Remix.run Logo
mort96 4 days ago

That isn't really a case of UTF-8 sacrificing anything to be compatible with UTF-16. It's Unicode, not UTF-8 that made the sacrifice: Unicode is limited to 21 bits due to UTF-16. The UTF-8 design trivially extends to support 6 byte long sequences supporting up to 31-bit numbers. But why would UTF-8, a Unicode character encoding, support code points which Unicode has promised will never and can never exist?

MyOutfitIsVague 4 days ago | parent | next [-]

In an ideal future (read: fantasy), utf-16 gets formally deprecated and trashed, freeing the surrogate sequences and full range for utf-8.

Or utf-16 is officially considered a second class citizen, and some code points are simply out of its reach.

GuB-42 4 days ago | parent | prev [-]

Is 21 bits really a sacrifice.
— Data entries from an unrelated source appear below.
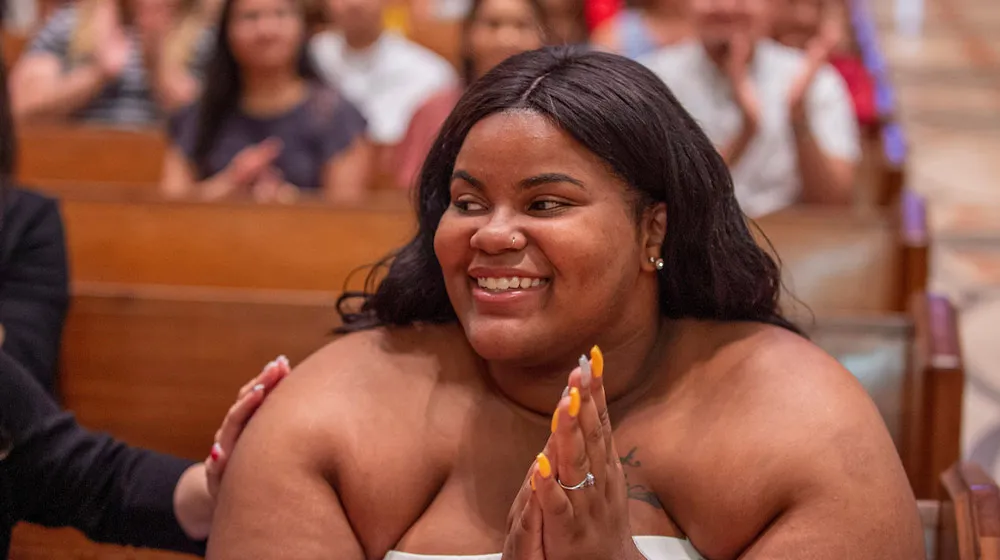 A smiling young woman sits during mass, hands pressed together in a celebratory gesture as someone places a supportive hand on her shoulder.
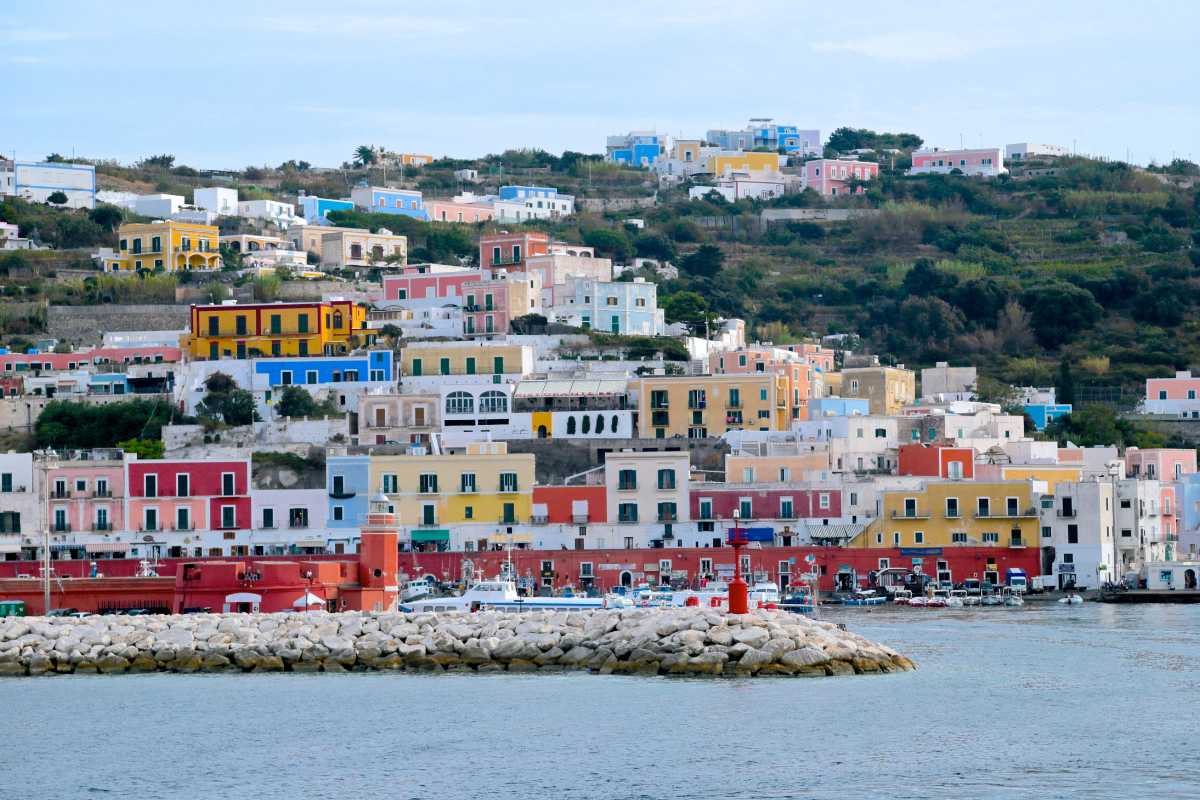 Veduta panoramica del porto di Ponza al tramonto, con traghetti e piccole barche, atmosfera estiva e accogliente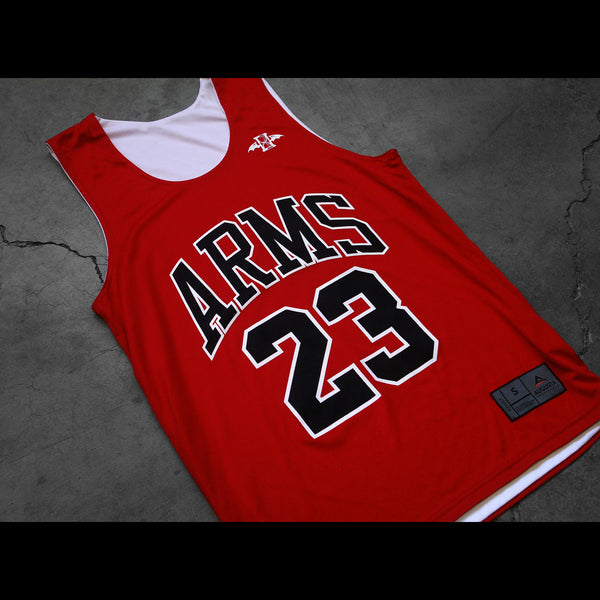 Close up image of a red sleeveless jersey lying against a grey background. The front of it says ARMS across the chest in black with a white outline. Below that is the number 23. A white hourglass with wings the lawrence arms logo is in the upper left chest area. The bottom of the jersey has the brand and size tag on it.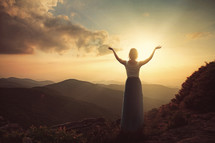 Woman on a hillside with arms raised in praise at daybreak.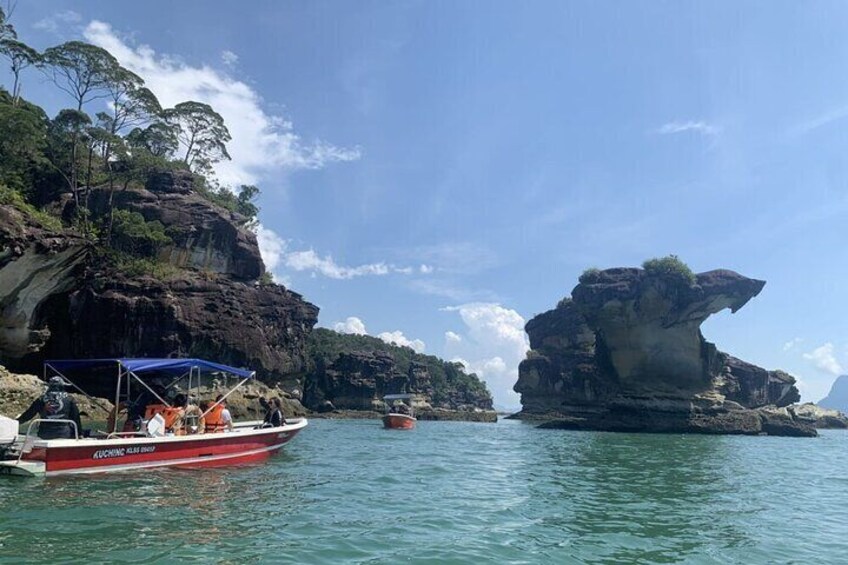 A boat named 'ZUCCHERO' near rocky cliffs and clear blue water. 2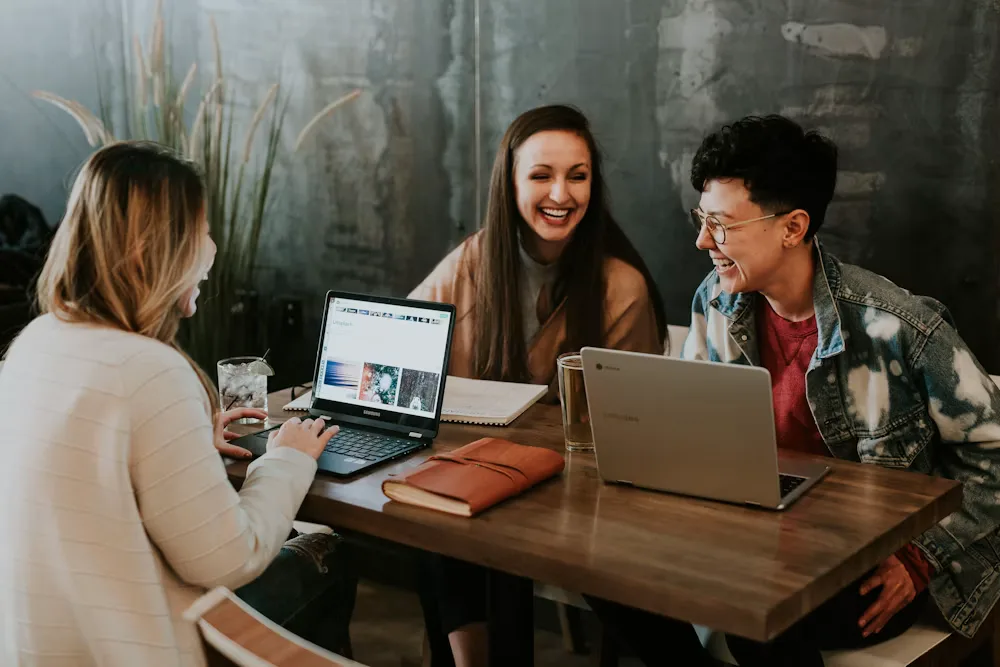 Small team collaborating around a laptop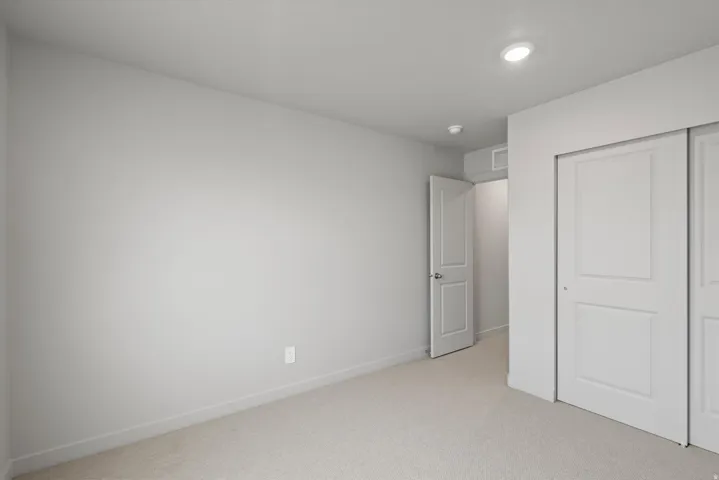 Neutral-toned room featuring light carpet, white baseboards, a white interior door, and two white sliding closet doors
It is 2 million codepoints, we currently use about a tenth of that.

Even with all Chinese characters, de-unified, all the notable historical and constructed scripts, technical symbols, and all the submitted emoji, including rejections, you are still way short of a million.

We are probably never need more than 21 bits unless we start stretching the definition of what text is.

moefh 4 days ago | parent [-]

It's not 2 million, it's a little over 1 million.

The exact number is 1112064 = 2^16 - 2048 + 16*2^16: in UTF-16, 2 bytes can encode 2^16 - 2048 code points, and 4 bytes can encode 16*2^16 (the 2048 surrogates are not counted because they can never appear by themselves, they're used purely for UTF-16 encoding).

chuckadams 3 days ago | parent [-]

Even with just 1 million codepoints, why did they feel the need for CJK unification? Was it so it would all fit in UCS-2 or something?

rwallace 3 days ago | parent [-]

Yes, that was exactly the reason. CJK unification happened during the few years when we were all trying to convince ourselves that 16 bits would be enough. By the time we acknowledged otherwise, it was too late.